Following the election, U.S. intelligence agencies obtained two documents from a think tank controlled by Russian president Vladimir Putin, according to Reuters. Seven current and former U.S. officials said the papers produced by the Moscow-based Russian Institute for Strategic Studies laid out Russia’s strategy and rationale for attempting to swing the election to Donald Trump, or at least undermine faith in the U.S. electoral system.
The first document, which was written in June, reportedly calls for Russia to launch a propaganda campaign on social media and Kremlin-backed news outlets, such as Russia Today and Sputnik, to elect a president who would take a friendlier approach toward Russia. The second document, which was written in October, is said to conclude that Hillary Clinton would probably win the election, so Russia should start pushing voter fraud claims to undermine her presidency.
The Russian institute’s website says it provides “analytical materials” to the Russian government, and Reuters reports that it’s staffed by retired senior Russian foreign intelligence officials appointed by Putin’s office.

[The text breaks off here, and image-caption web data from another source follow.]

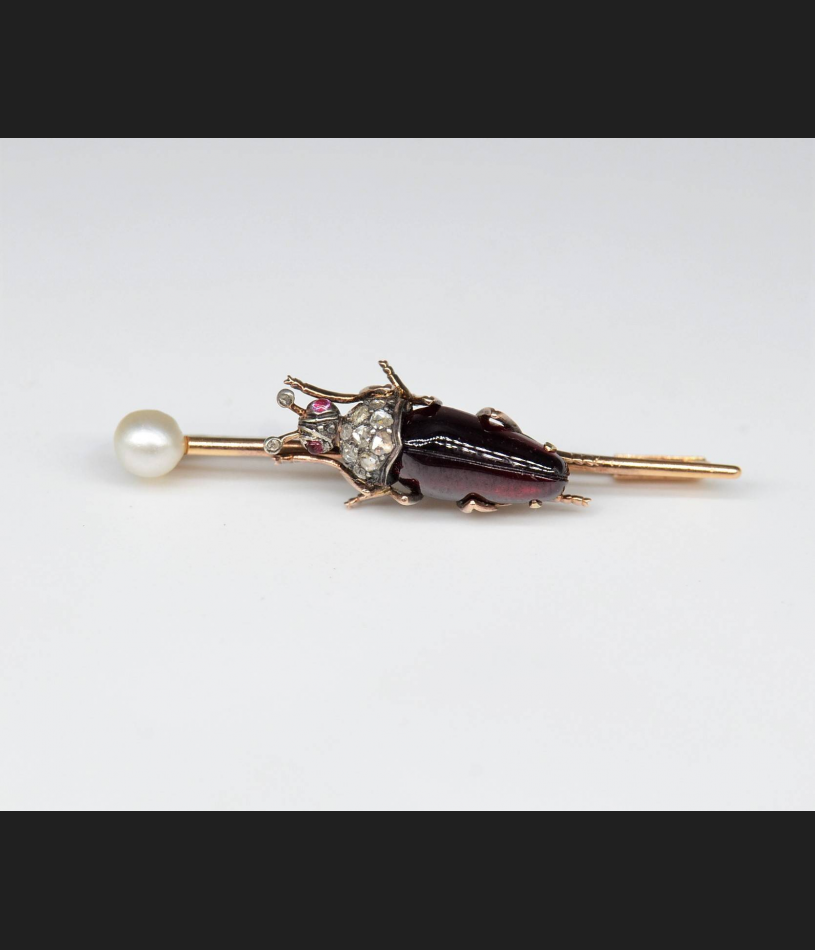 "Skarabeusz", broszka złoto 750/ diamenty / granat ok. 1900 r.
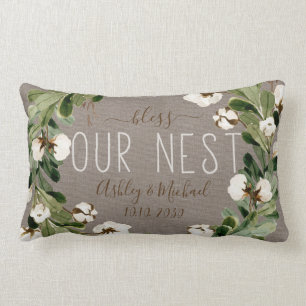 Coussin Rectangle Bénissez notre souvenir de mariage de photo de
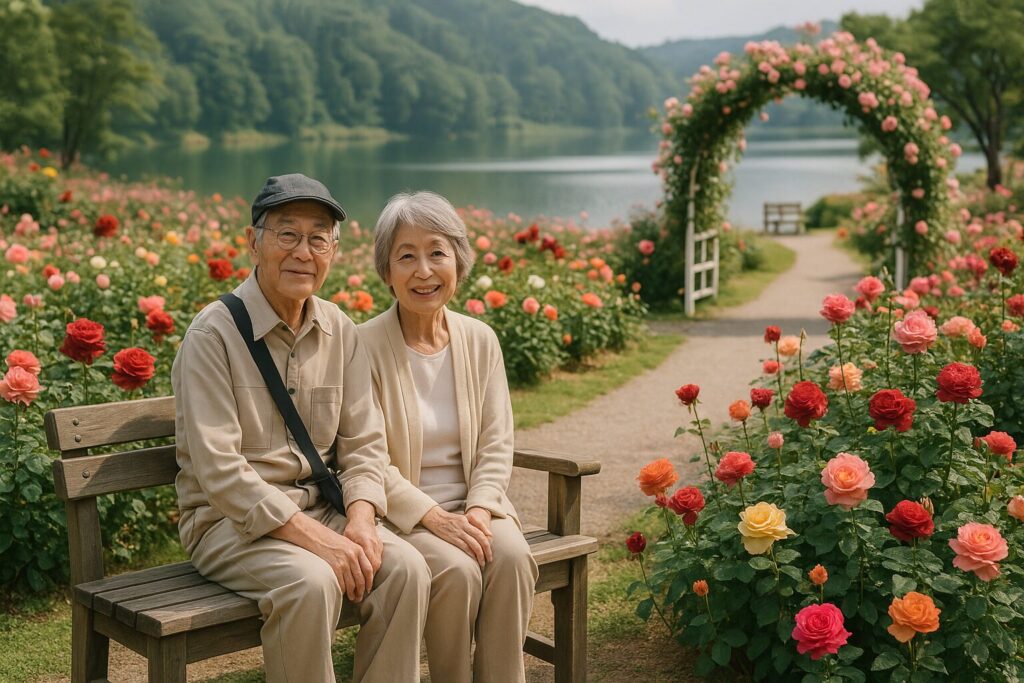 AI画像 バラ園の夫婦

The documents don’t mention the hacking of Democratic officials’ emails — which U.S. officials say was run separately by the Kremlin — but they are said to be a cornerstone of the U.S. intelligence agencies’ conclusions about Russia’s election activities.
“Putin had the objective in mind all along, and he asked the institute to draw him a road map,” a former senior U.S. intelligence official told Reuters.
The documents say nothing about potential coordination between Russia and the Trump campaign, but on Wednesday the New York Times revealed the “catalyst” for the FBI’s investigation of the issue: former Trump campaign adviser Carter Page’s trip to Moscow last July.
The FBI became aware of Page when a Russian spy tried to recruit him in 2013, but it’s unclear what about his 2016 trip raised concerns. During his speech at the New Economic School in Moscow, Page harshly criticized U.S. policy toward Russia. The unverified dossier compiled by a former British intelligence agent alleges that Page met with Igor Sechin, Putin confidant and CEO of the Russian state oil company Rosneft, during the Moscow trip. Both men deny this.
Last week the Washington Post reported that the FBI obtained a FISA warrant to begin monitoring Page’s communications last summer. The Trump administration has been downplaying Page’s ties to the campaign for months. He submitted policy memos and participated in some campaign events in the spring and summer of 2016, but it appears he never met Trump.
Page has defended himself in a number of media appearances in recent weeks, and he says he’s pleased that more information about the FBI’s investigation of him is becoming public. “I’m very encouraged that all of the lies that have been a drag on this administration are finally coming out into the open,” he said on Fox News.